To Caplan, his work adds up to something in between a reorientation and a debunking of public choice theory. “I can still accept 75 percent of [public choice theory], but with a big asterisk,” Caplan says. “It’s not so much about sneaking bad policy underneath the radar as it is tapping into public opinion.”

Campbell also describes some critical remarks from Cato’s Bill Niskanen:

The weakness in Caplan’s premise, Niskanen says, is his reliance on a survey with open-ended questions. It may be that the general public believes that raising the minimum wage is a good idea while economists disagree.
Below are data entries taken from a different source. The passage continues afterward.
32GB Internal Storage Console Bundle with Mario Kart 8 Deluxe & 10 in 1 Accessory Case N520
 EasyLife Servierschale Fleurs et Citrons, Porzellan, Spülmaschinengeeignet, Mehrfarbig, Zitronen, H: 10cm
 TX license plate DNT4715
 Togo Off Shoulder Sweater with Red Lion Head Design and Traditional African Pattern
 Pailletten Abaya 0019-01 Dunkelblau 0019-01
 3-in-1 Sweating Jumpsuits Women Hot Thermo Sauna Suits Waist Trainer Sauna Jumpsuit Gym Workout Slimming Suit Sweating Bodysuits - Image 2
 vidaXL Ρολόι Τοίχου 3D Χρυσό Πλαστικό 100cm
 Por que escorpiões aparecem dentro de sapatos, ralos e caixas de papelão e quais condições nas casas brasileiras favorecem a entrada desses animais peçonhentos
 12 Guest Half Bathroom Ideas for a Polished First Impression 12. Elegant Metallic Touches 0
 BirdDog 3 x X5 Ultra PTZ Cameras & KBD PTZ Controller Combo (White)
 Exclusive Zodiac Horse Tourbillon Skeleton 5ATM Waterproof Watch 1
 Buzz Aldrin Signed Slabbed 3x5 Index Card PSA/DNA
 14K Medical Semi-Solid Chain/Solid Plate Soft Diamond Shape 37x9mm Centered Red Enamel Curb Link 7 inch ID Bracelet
But if you extend the question with the information that raising the minimum wage may decrease employment for the least-skilled workers, the public may be less enthusiastic. And if so, then that is evidence against systematic irrationality. It is, quite plainly, rational ignorance.

I have a whole chapter (“Chapter 4: Classical Public Choice and the Failure of Rational Ignorance”) on this point, but to give the quick version:

1. Rational ignorance doesn’t explain why the ignorant make the same kind of errors.

2. Rational ignorance doesn’t explain why people are not agnostic about fields – like economics – that they haven’t studied.

3. Rational ignorance doesn’t explain why most people resist and even get angry when economists explain the negative side effects of popular policies.

Niskanen’s right that people would favor different policies if you changed their minds about the facts. The problem is that changing their minds about the facts is like pulling teeth.